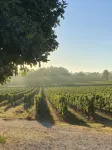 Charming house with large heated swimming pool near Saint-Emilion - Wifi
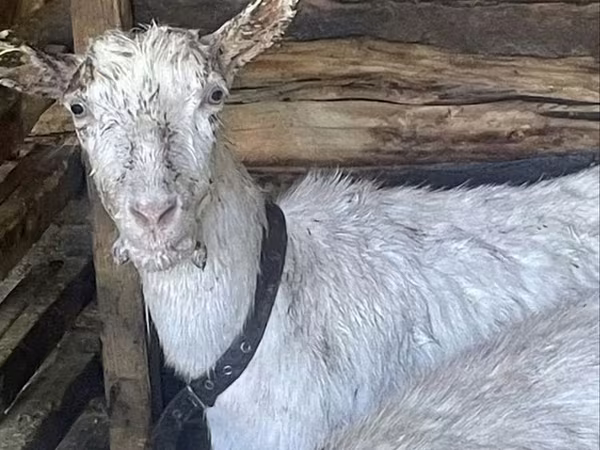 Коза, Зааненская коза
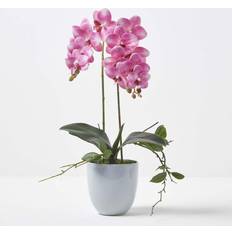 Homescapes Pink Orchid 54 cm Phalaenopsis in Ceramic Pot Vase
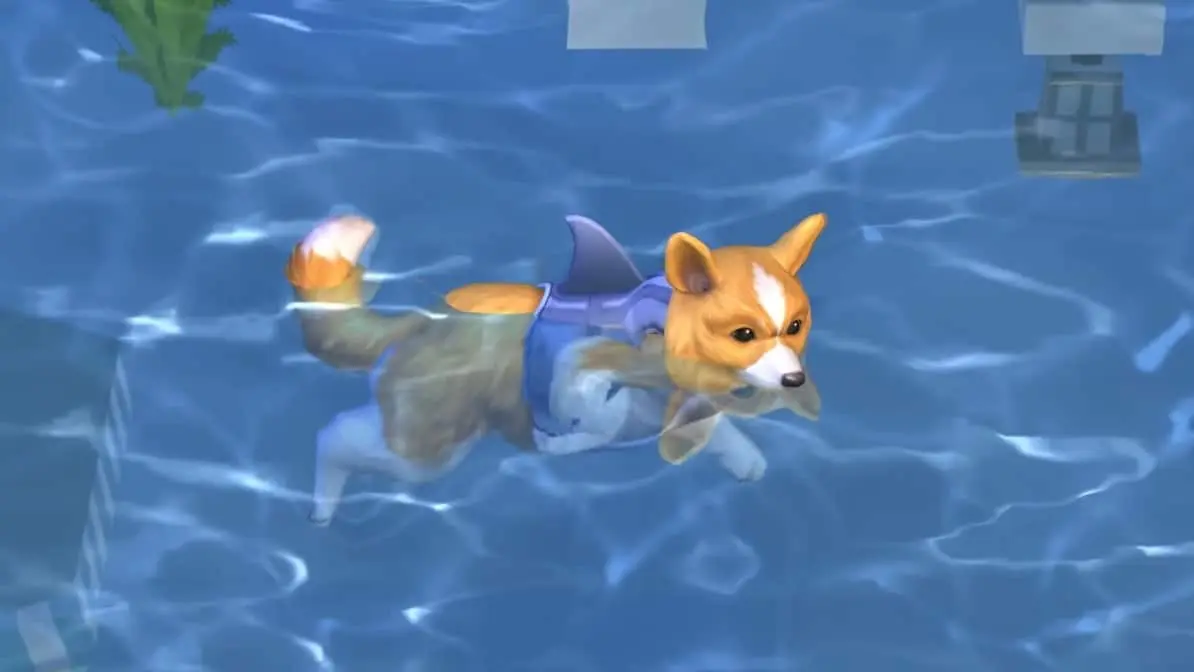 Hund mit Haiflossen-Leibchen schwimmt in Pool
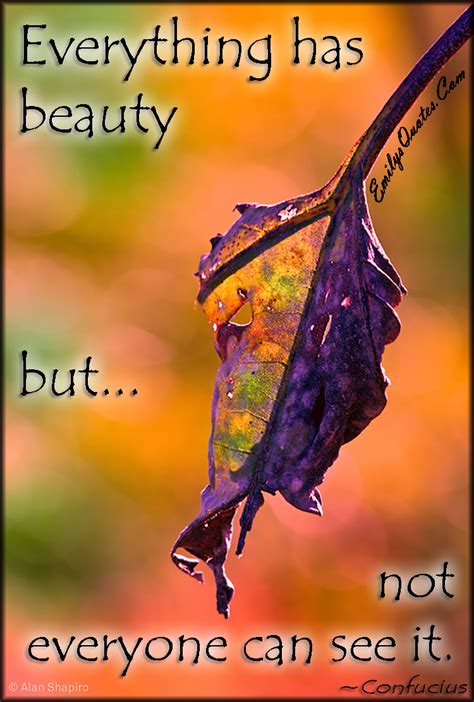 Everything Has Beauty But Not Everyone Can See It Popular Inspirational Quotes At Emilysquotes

☆ ☆ ☆ ☆ ☆ ☆ ☆

Retype each line above exactly and leave out any picture.

 Charming house with large heated swimming pool near Saint-Emilion - Wifi
 Коза, Зааненская коза
 Homescapes Pink Orchid 54 cm Phalaenopsis in Ceramic Pot Vase
 Hund mit Haiflossen-Leibchen schwimmt in Pool
 Everything Has Beauty But Not Everyone Can See It Popular Inspirational Quotes At Emilysquotes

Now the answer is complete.